A first-of-its-kind rule that DOE has established permits it to negotiate fixed-price agreements with suppliers through a process of open bidding in order to repurchase oil for upcoming delivery periods. When supply is less erratic and prices are predicted to decline, this new authority will support oil demand. The new rule permits DOE to enter into a contract now for oil delivery in mid-2024 at, near, or less than, say, the market price of $70 per barrel for delivery in mid-2024. With an initial delivery of repurchased oil in 2024 or 2025, DOE intends to use this power to engage into contracts to repurchase oil for the SPR, with a target price of roughly $67 to $72 per barrel or less. Furthermore, DOE is ready to supplement its future fixed-price contracts as necessary by engaging in additional SPR repurchases at periods when the price of oil for current delivery falls to around $67 to $72 per barrel or below.
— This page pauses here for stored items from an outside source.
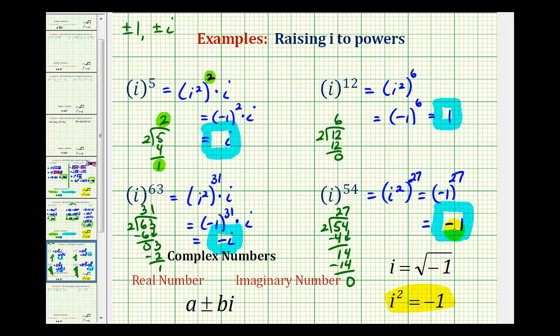When i is raised to an odd power, the result will be either positive i or negative i. When the exponent is even, the result will be either positive one or negative one. These are the only four possible cases when simplifying i raised to a power. I hope you found this helpful.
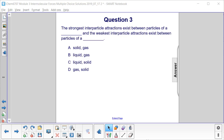Question 3. The strongest interparticle attractions exist between particles of a blank, and the weakest interparticle attractions exist between particles of a blank.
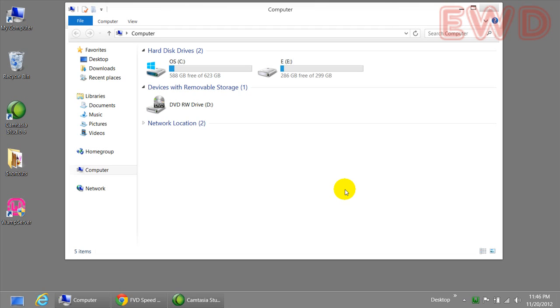Hey guys, this is Rocky and in this video I'm going to show you how to create multiple drives in Windows 8 without using any external softwares like Paragon or any other software.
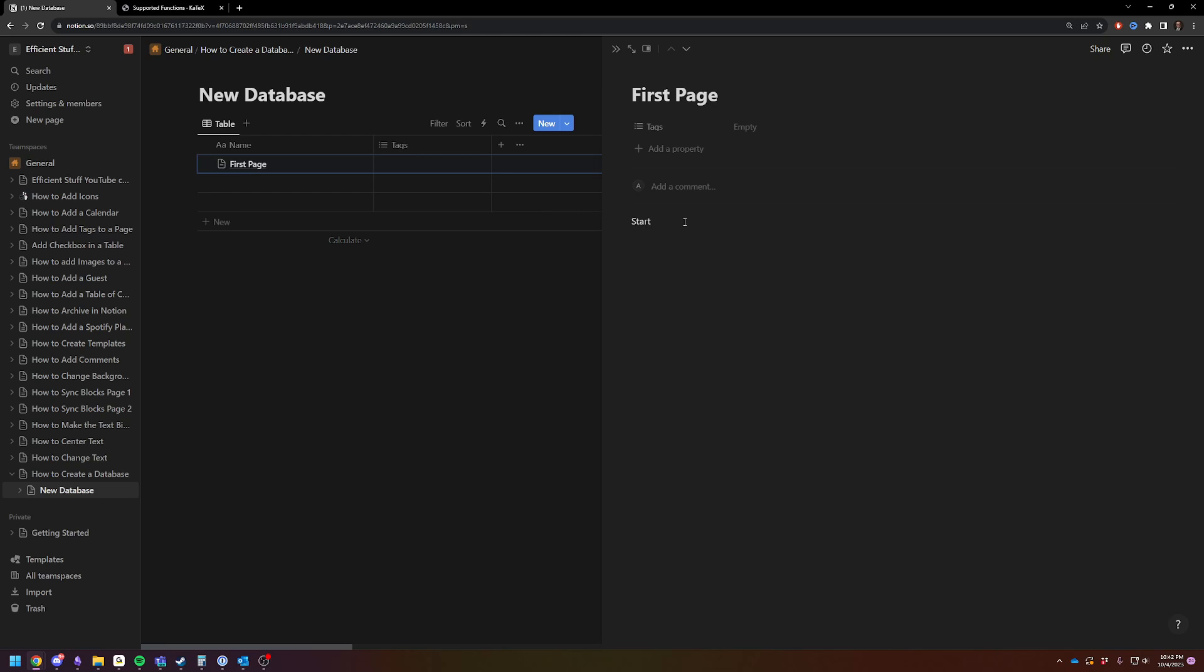And now you have a piece of data inside of your database. As you can tell, the data items are just pages. So it's pages within pages.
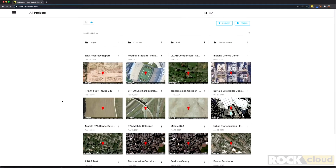Here we have the home screen of the Rock Cloud. As you can see, I have tons of projects listed here, and inside of each one of these projects I have LiDAR data. I also have my ground control points, and I have a bunch of other data associated with my projects like PDFs and KMLs.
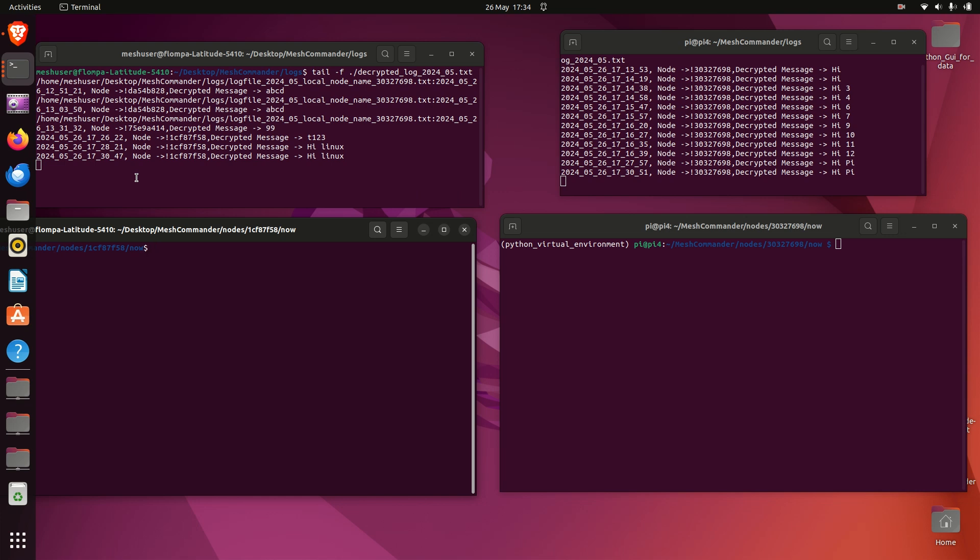Hello and welcome back to Mesh Commander. What I've created is node-to-node encryption.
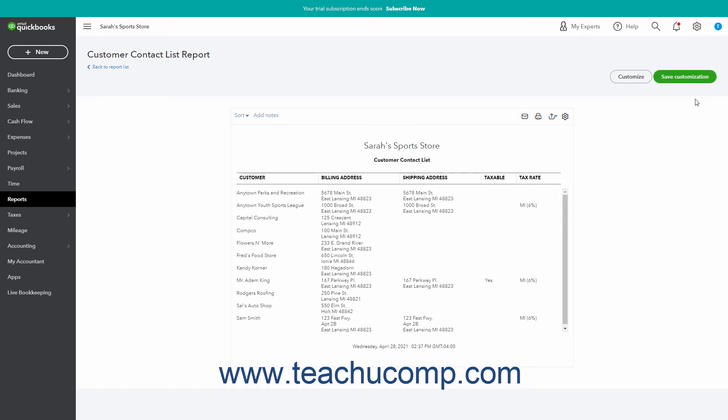Additionally, QuickBooks Online provides a Taxable Sales Detail Report that details the sales of taxable products and services to customers and a Taxable Sales Summary Report that shows total sales of taxable products and services. These reports are contained in a standard Sales Tax Report category that also contains the Sales Tax Liability Report, giving you yet another way to run that report.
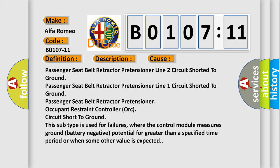This diagnostic error occurs most often in these cases: passenger seat belt retractor pretensioner line 2 circuit shorted to ground, passenger seat belt retractor pretensioner line 1 circuit shorted to ground.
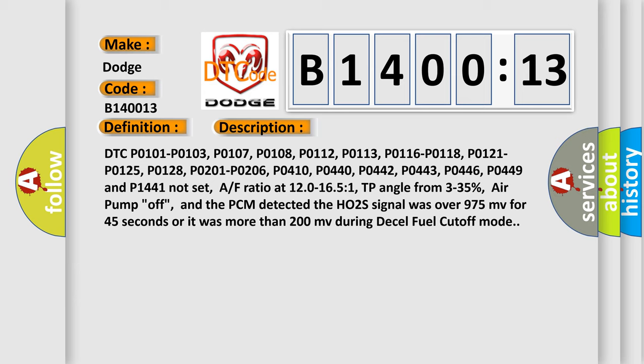P0446, P0449, and P1441 not set. Air-fuel ratio at 12.0 to 16.5:1.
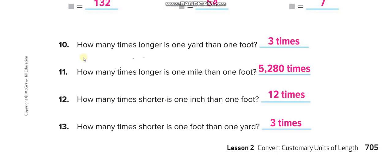Comparison questions: How many times longer is 1 yard than 1 foot? 1 yard equals 3 feet, so 3 times longer. How many times longer is 1 mile than 1 foot? 1 mile equals 5,280 feet, so 5,280 times. How many times is 1 inch compared to 1 foot? There are 12 inches in a foot, so 12 times. Note that when the shorter unit is listed first, they're asking about the smaller one.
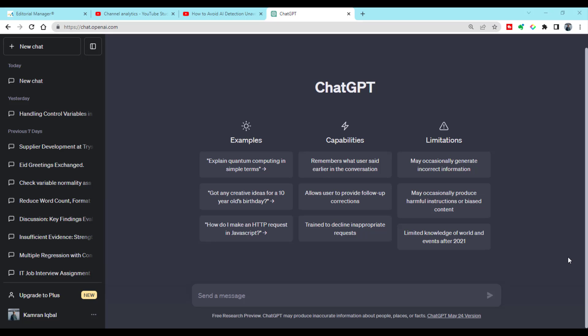Bismillahirrahmanirrahim. Hello everyone, welcome to my channel Research and Analysis. My name is Dr. Kamran. In this video, I am going to demonstrate one of the Chrome extensions that could enhance your experience with ChatGPT.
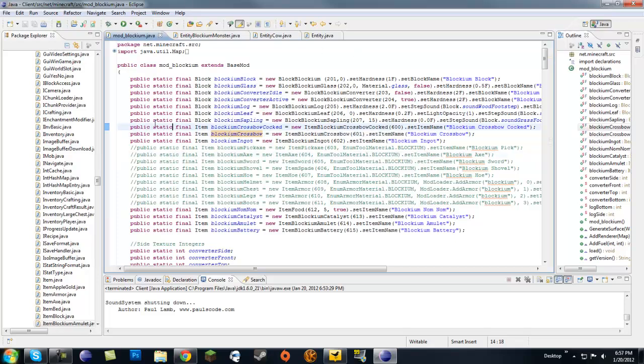Today's tutorial is going to be on making monsters or mobs drop more than one item at a time. I got this suggestion today and I liked it, so I just wanted to make a quick tutorial on it. It's really, really quick.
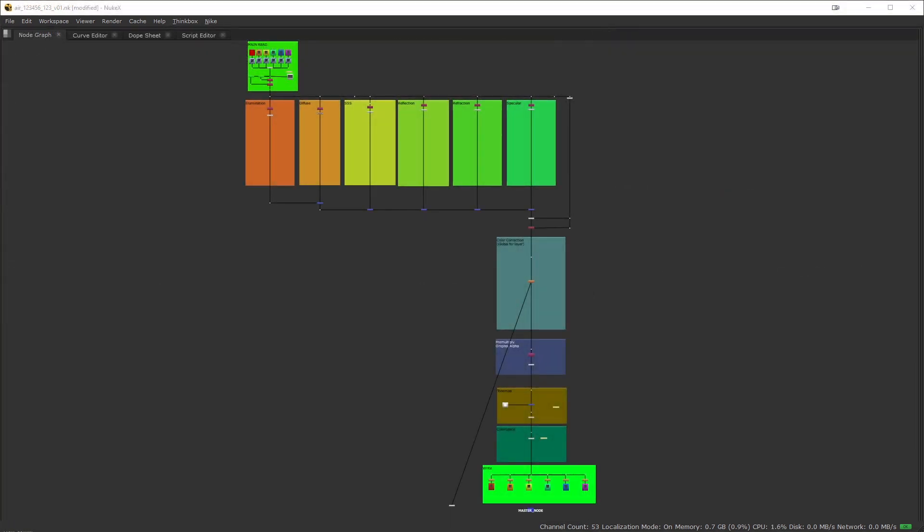By default all the nodes come with the bookmarks disabled but the backdrop nodes come with the bookmarks on by default and that allows you to automatically group sections of your scripts and you will be able to jump to them immediately.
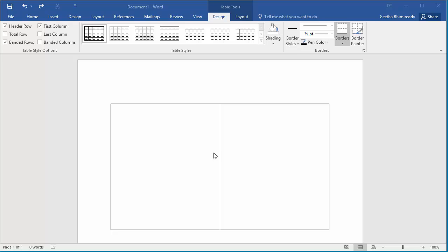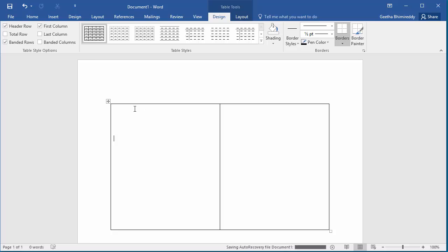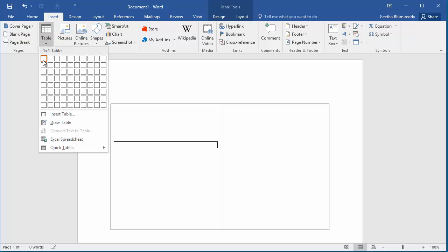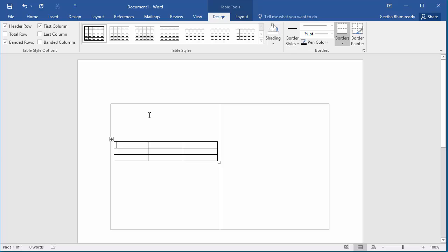Move the cursor where you need to insert the table by pressing Shift and Enter keys. Now click on Insert and insert the table with the number of rows and columns you need. Now you can see a table is inserted into the first column of the original table.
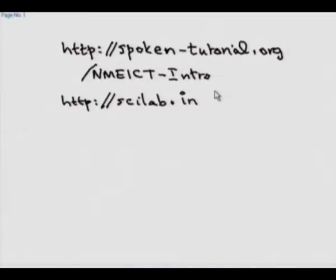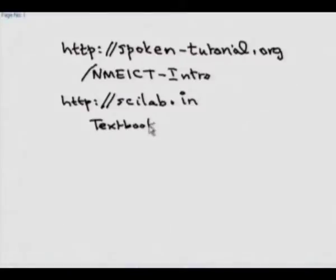Under this we have a project called Textbook Companion. This project involves creating code for worked out examples of standard textbooks and I am glad to say that this summer alone IIT Bombay is hosting 50 students from around the country. Many of these students could be from your colleges and very soon we will have Scilab code for about 100 textbooks on this website. This is something that is participatory, collaborative, and good students from your college can help create this national resource.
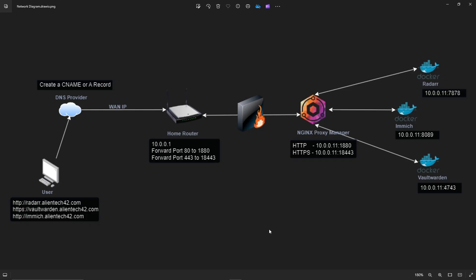I created this diagram to explain what NGINX does and how it works. Starting with the user section — a user types a web address in their browser, in this case radar.alientech42.com. That request hits a DNS provider, which looks up the record. In this case it's going to be a CNAME or an ANAME record, and from there it forwards to the WAN IP address set at your DNS provider.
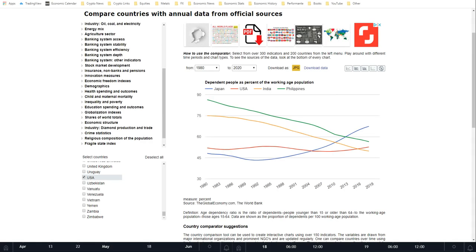Hey traders, welcome to a global macro update. This video won't really be going over any price action or charts — it's more talking about the demographics of different countries, primarily looking at four different countries: Japan, the United States, India, and the Philippines. We're analyzing these four countries because they have pretty polar opposites in terms of the demographics they are showing.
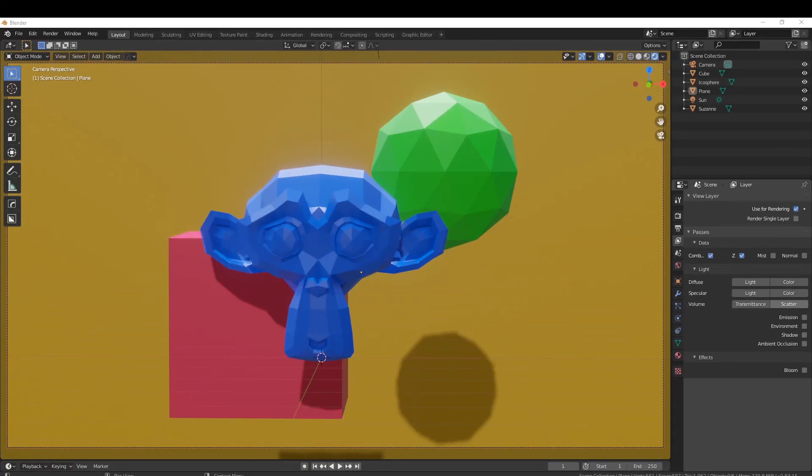Alright guys, so I want to show you how to create object layer masks using the EV rendering engine inside of Blender 2.83. I can't speak for any other versions. This is just the one that I'm using. So keep that in mind if you are following along.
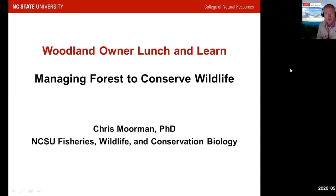Welcome everybody to today's webinar, our Woodland Owner Lunch and Learn series. Today's topic is Managing Forest to Conserve Wildlife.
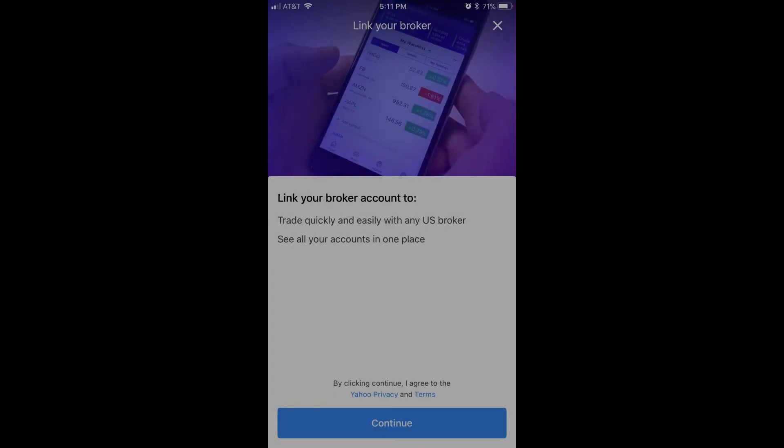A Link Your Broker window appears, informing you that linking your broker account with Yahoo Finance lets you trade quickly and easily with any U.S. broker, and also that you can see all of your brokerage accounts in one location.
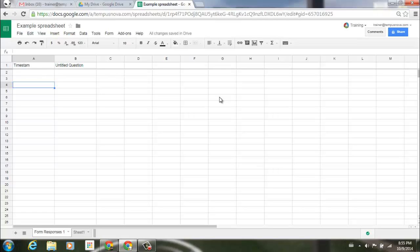Google has just added new spell check functionality to the new Google Sheets. This is a new and improved version of spell check compared to what existed in the old Sheets.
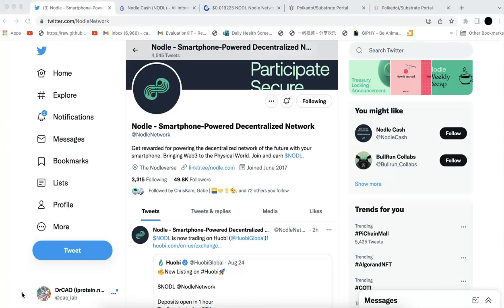Hello everyone, welcome to Webster Education Investment. Today in this video, I'm going to talk about Nodle.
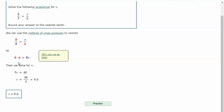So we have 5v equals 48. And we can flip them, it doesn't matter. And then to solve for v, we're going to divide both sides by 5. And we get a decimal of 9.6. So v equals 9.6.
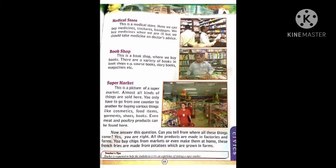Medical store. This is a medical store. Here we can buy medicines, tinctures, bandages. We buy medicines when we are ill, but we should take medicines on doctor's advice. We can buy lots of different medicines from the medical store, but we should buy or take any medicine at doctor's advice, not without a doctor's advice.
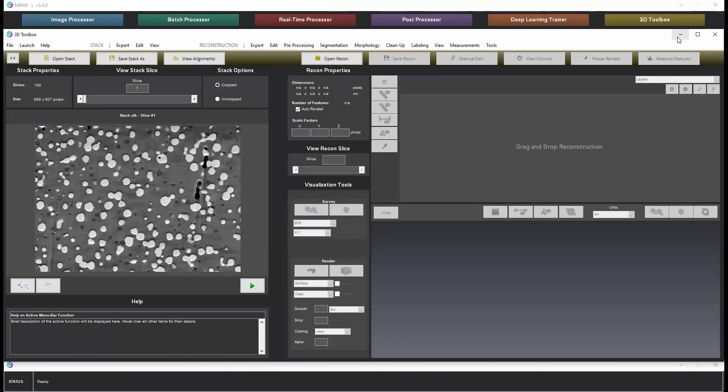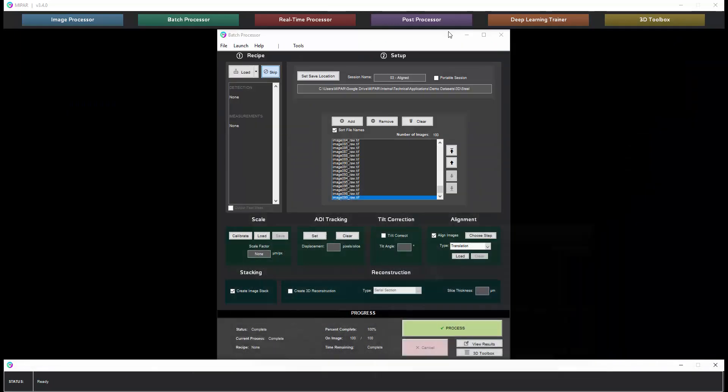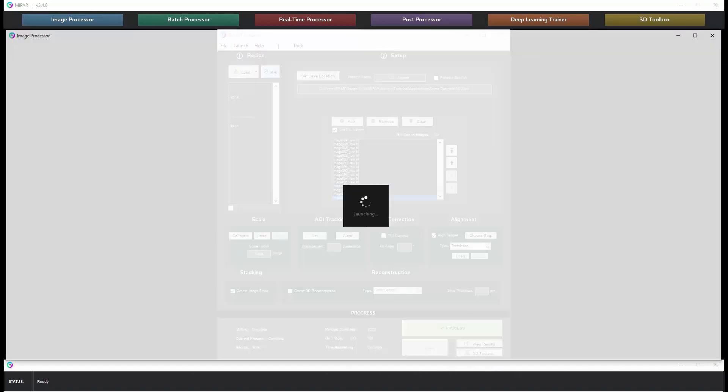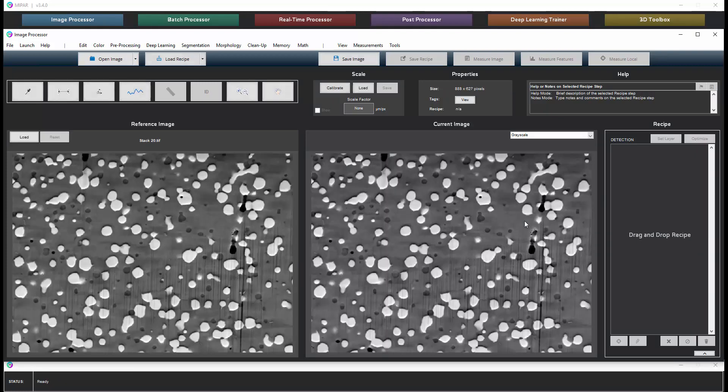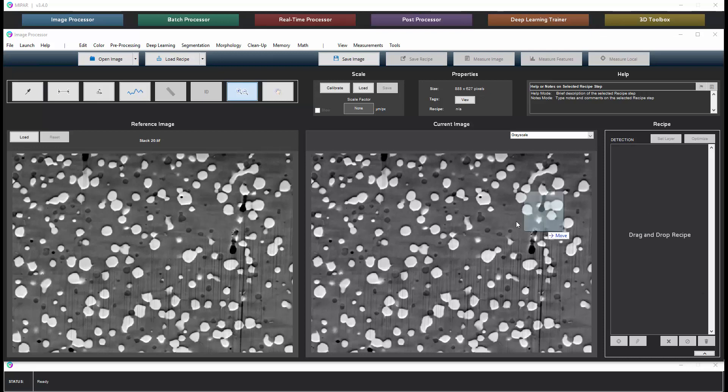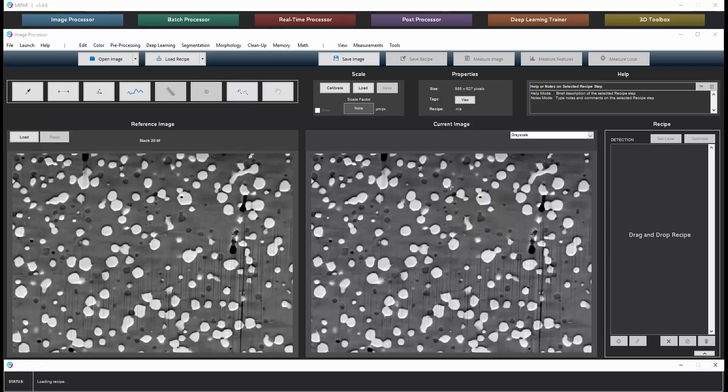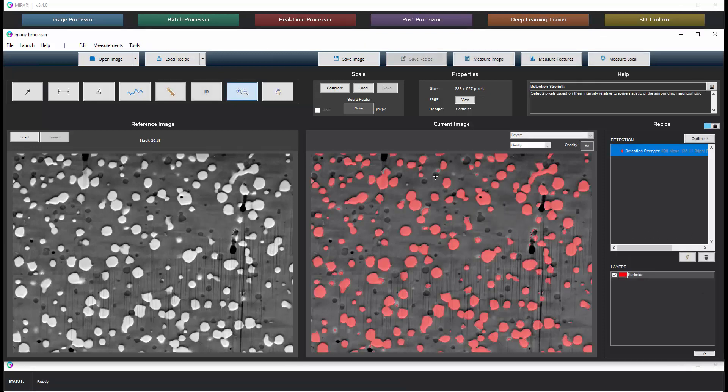So then let's go over to the image processor to take a look at the recipe. This has already been created. We'll open up one of the aligned images and then we'll choose the recipe to segment the particles.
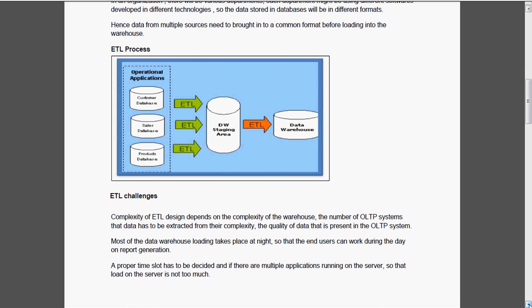Complexity of the ETL design depends on the complexity of the warehouse, that is the number of OLTP systems that have to be extracted and also the quality of the data in that OLTP. Most of the data warehouse loading will take place during night time so that the end users can work during the day on report generation.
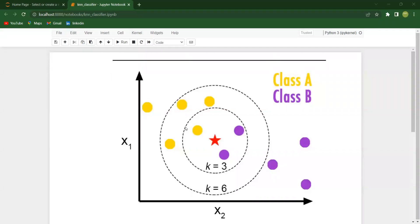Hello all, in this tutorial let us discuss about the most important and powerful algorithm KNN. KNN is nothing but K Nearest Neighbors, which is basically a supervised machine learning algorithm. We can use KNN in both the cases of regression and also classification.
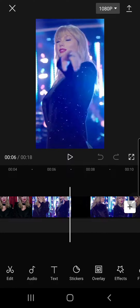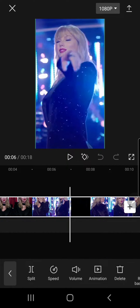Hey guys, welcome back to the Tutorial Millennial channel. In this video I'll be showing you how you can copy a video and move it down in CapCut. If you just copy a video, usually it'll just go on the side and you can't drag it down. Here's how you can do that.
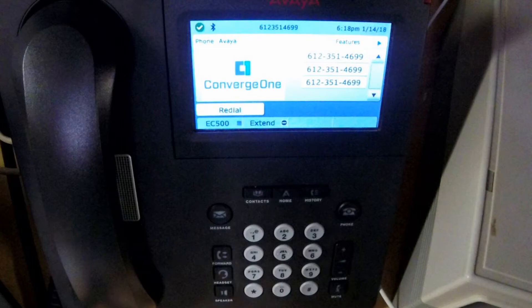This is Chuck Paquette with Converge One. Here's a quick video tip on how to factory default an Avaya 9641 phone running version 7 of their SIP firmware.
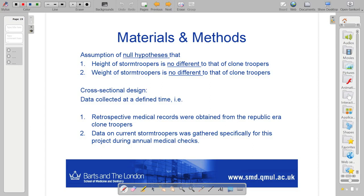We have the assumption of our null hypotheses — we're going to have two null hypotheses. One is that the height of stormtroopers is no different to that of clone troopers, and the other null is that the weight of stormtroopers is no different to that of clone troopers. We have a cross-sectional design, which means we have data collected at a defined point in time. For clone troopers we have retrospective medical records, because they were from a past era and we want to know what their characteristics were then. Data on current stormtroopers was gathered specifically for this project during annual medical checks.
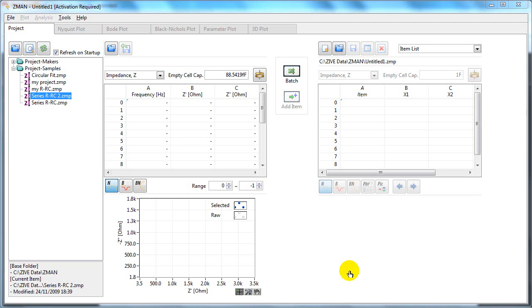This screencast covers the modelling function in the Z-Man software. This is to fit your EIS data to an equivalent circuit.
By refilling the SPR at a lesser cost than the barrels sold, this strategy benefits the taxpayers. And it’s a victory for energy security because it gives producers who sign the contracts more assurance that there will be a market for oil going forward, which will help them make investment decisions today and encourage the production increases that are required at a time when Putin’s war is still upsetting the world’s energy markets.